5 de maio de 2009

Livro: Saint Genet, ator e mártir, de Jean-Paul Sartre

Saint Genet é um extenso e profundo ensaio escrito por Sartre que a princípio serviria de prefácio à edição das obras completas de Jean Genet. O texto acabou ganhando corpo, e que corpo, (são 580 páginas!) e em sua abrangência trata minuciosamente sobre a vida e a obra de um artista incomum, poeta e marginal que se insere na melhor tradição (de Villon e Rimbauld) no contexto da literatura francesa, e ao mesmo tempo rompe com toda familiaridade, impondo um estilo inconfundível e único, que retrata o lado mais avesso ao da sociedade: o mundo do crime, dos marginalizados, dos mendigos, das prostitutas, dos travestis, dos ladrões e dos homossexuais.

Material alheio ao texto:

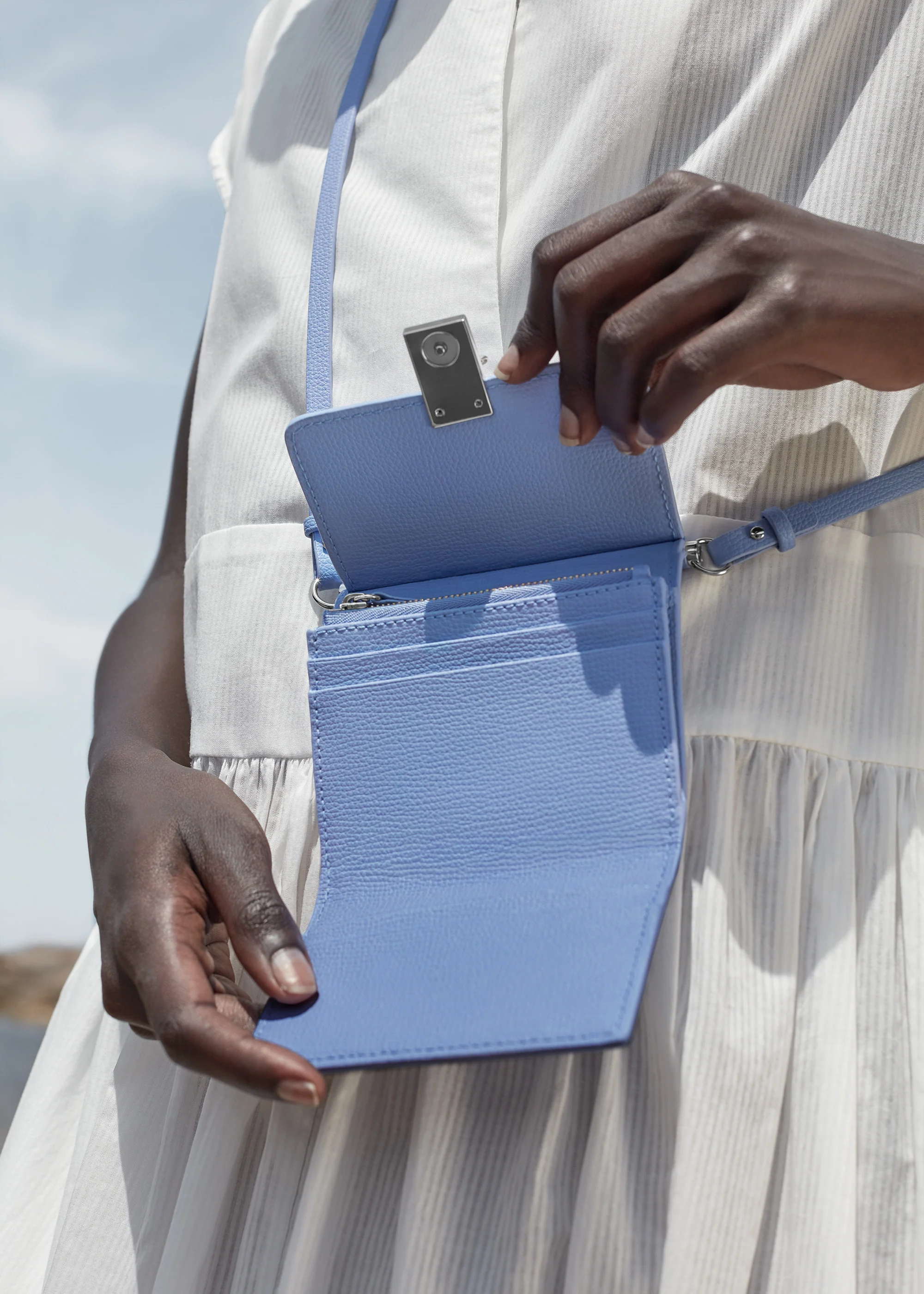 Numéro Sept Crossbody Wallet - Textured Lavender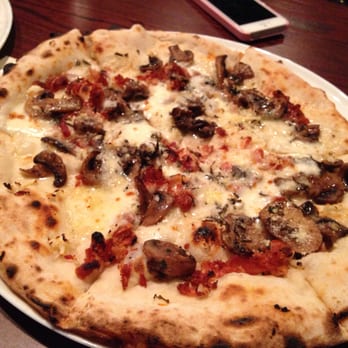 Campania - Tartufo Fior-di-Latte mozzarella, fontina, pancetta, mushrooms, garlic, finished with fresh rosemary and truffle oil - Pizza Near Me - Alpharetta, Georgia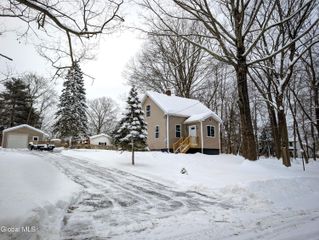 320 Gasner Avenue, Niskayuna, NY 12304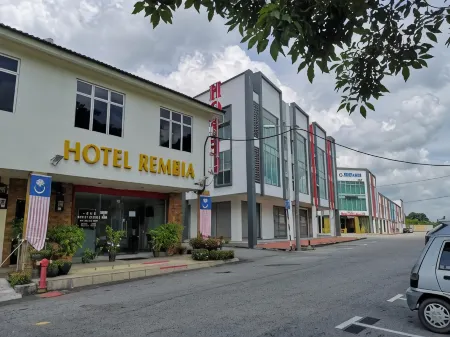 Hotel Rembia Отели рядом с достопримечательностью «Tanjung Tuan Forest Recreation»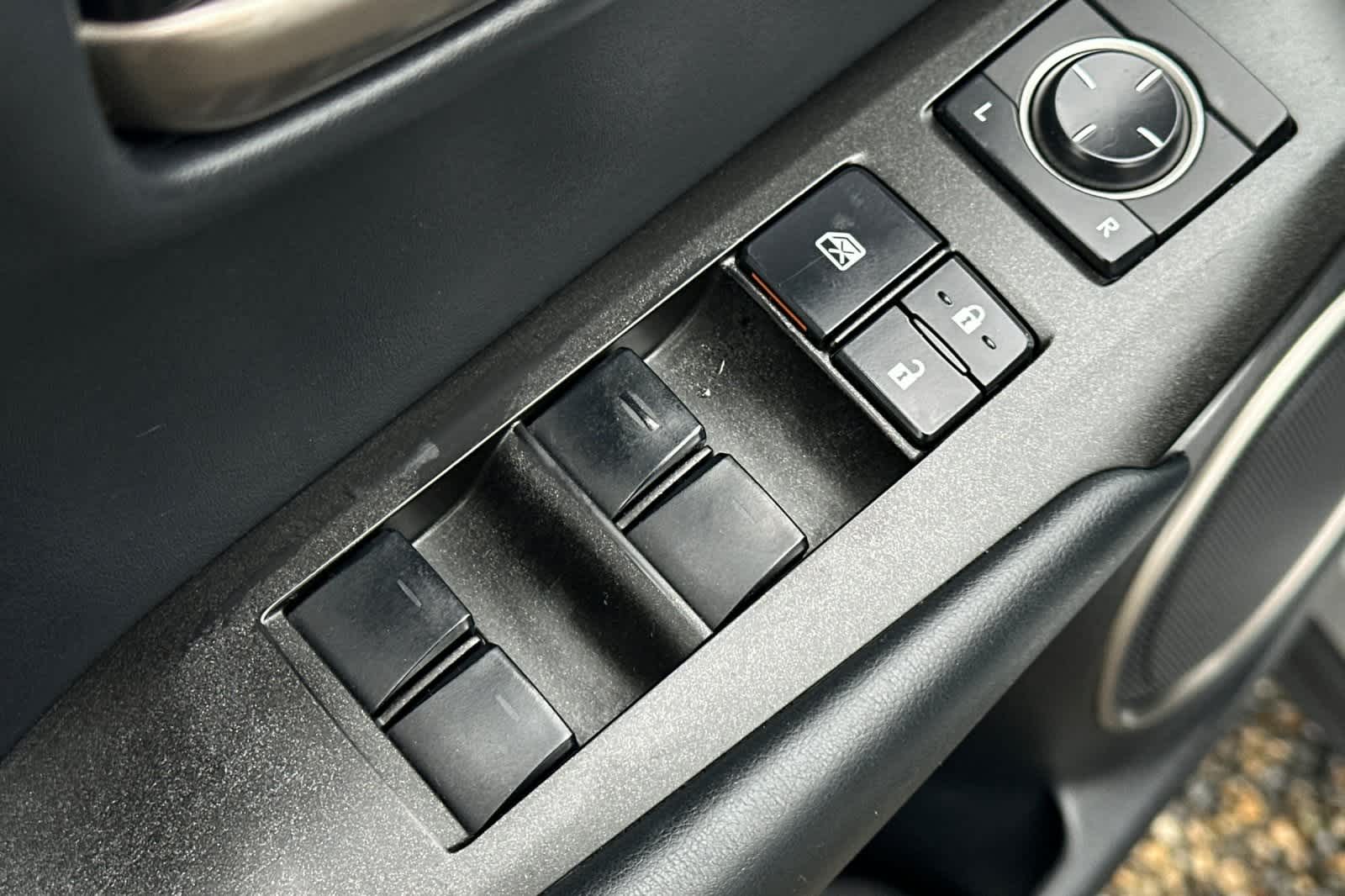 Thumbnail: 2015 Lexus NX - 14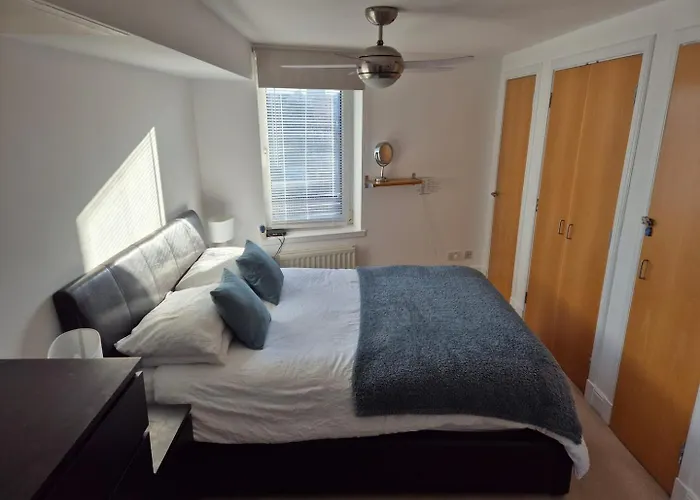 Apartment Spacious, Sunny Leith *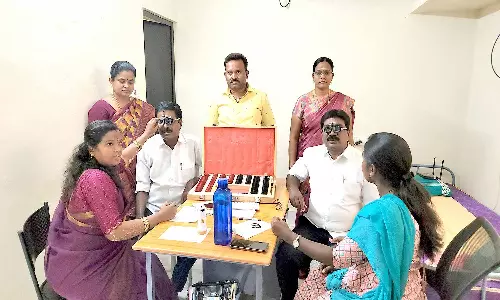 இலவச கண் சிகிச்சை முகாம்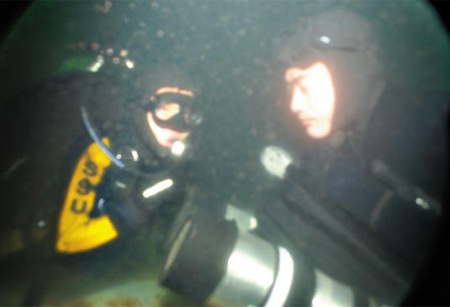 
	���� 23�� �泲 ���� �ر����� �չٴٿ��� �س������� SSU�� ����2�� õ������ ���ڴ١��� ħ���� �ξ� �����Ʒ��� ���ƴ�. ���� ������ ����(����)�� ���� 17m �Ʒ����� ��� ��� ���� �ִ� SSU ����ö �߻�(������). /�ر�����
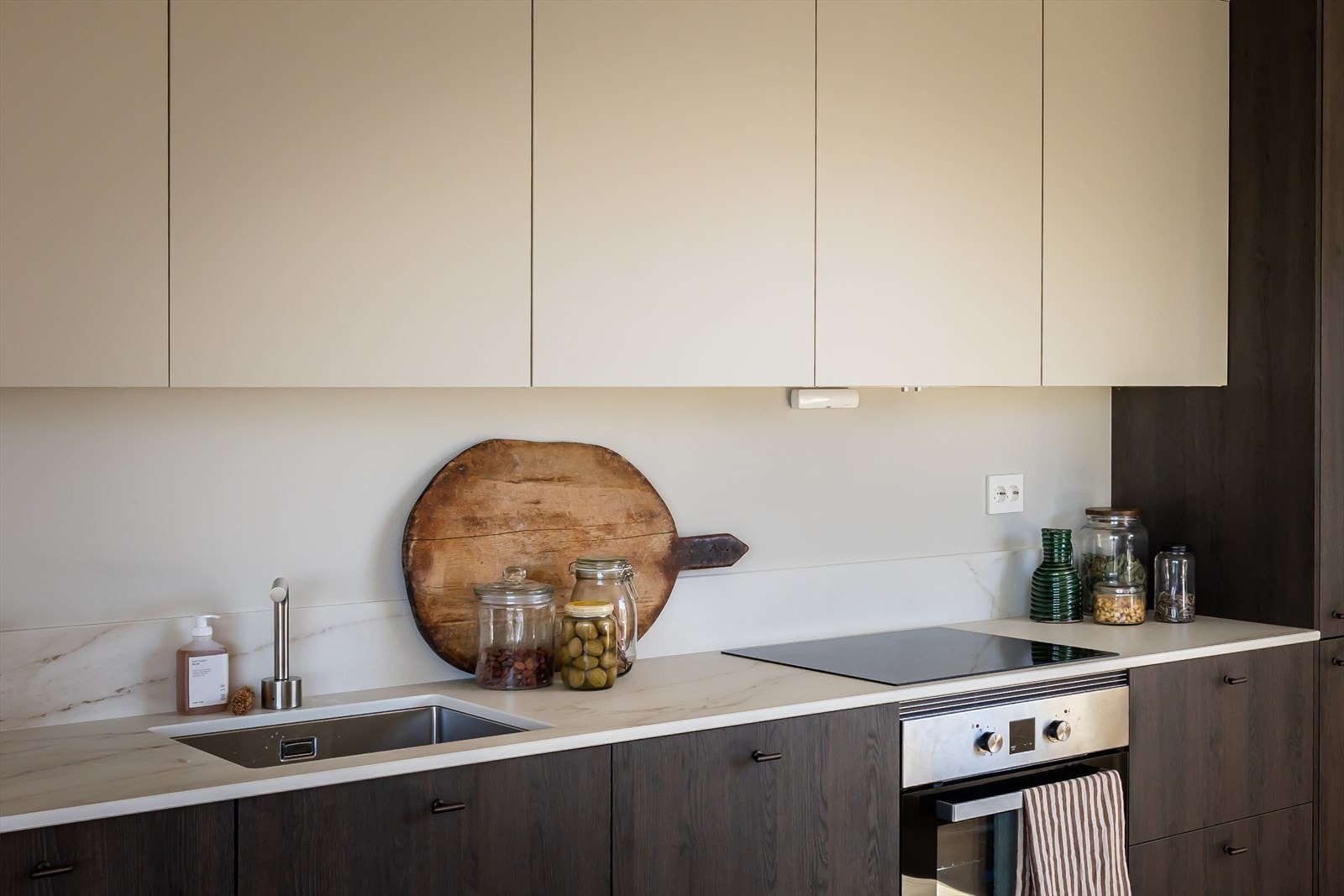Kjøkkenet er utstyrt med mekanisk avtrekksvifte over stekesonen. Eksklusiv benkeplate fra Cosentino med backsplash. Galleribilde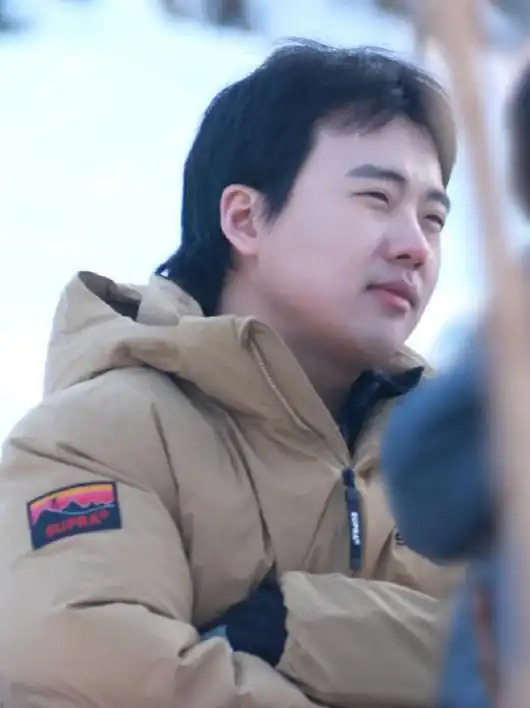 2月29日,德云社郭麒麟喜提热搜第一,"郭麒麟胖了"占据了热搜榜第一名.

Saint Genet: ator e mártir assemelha-se a uma biografia espiritual, e pode ser considerado como uma espécie de bíblia negativa, em que Genet emerge diante do mundo assumindo o papel não apenas de escritor obsceno e escatológico, mas de anjo maldito que traz em si todas as danações como bênçãos, homem marcado pela rejeição social no qual Sartre reconhece, paradoxalmente, o fulcro da santidade

Genet foi entrevistado por Sartre para a realização desta obra, e diversos elementos de seu misterioso passado são revelados e analisados, bem como o seu complexo universo de fantasias e criações. O trabalho foi tão no íntimo do autor, que Genet encontrou sérias dificuldades para continuar escrevendo depois da verdadeira vivissecação que o ensaio de Sartre lhe fez. Ele precisou abandonar os romances e se dedicar apenas ao teatro para continuar como autor. E chegou a pensar em destruir o ensaio, ateando-lhe fogo.

Felizmente isso não aconteceu. O livro é uma longa e digressiva especulação existencialista sobre uma experiência radical, a de Jean Genet, que começou a escrever para excitar-se e estimular-se à masturbação, já que, preso na colônia penal de Mettray, vivia isolado em sua cela (como um monge).

Todos os temas de Genet, bem como suas obsessões pessoais mais surpreendentes (a sacralização da traição, da sodomia e do crime) são investigados de modo implacável por Sartre, que aplica aqui todos os seus poderes intelectuais e de escritor em busca da verdade. O leitor se vê, página após página, como um cúmplice poético de dois grandes gênios da contramão, o existencialista e o pária.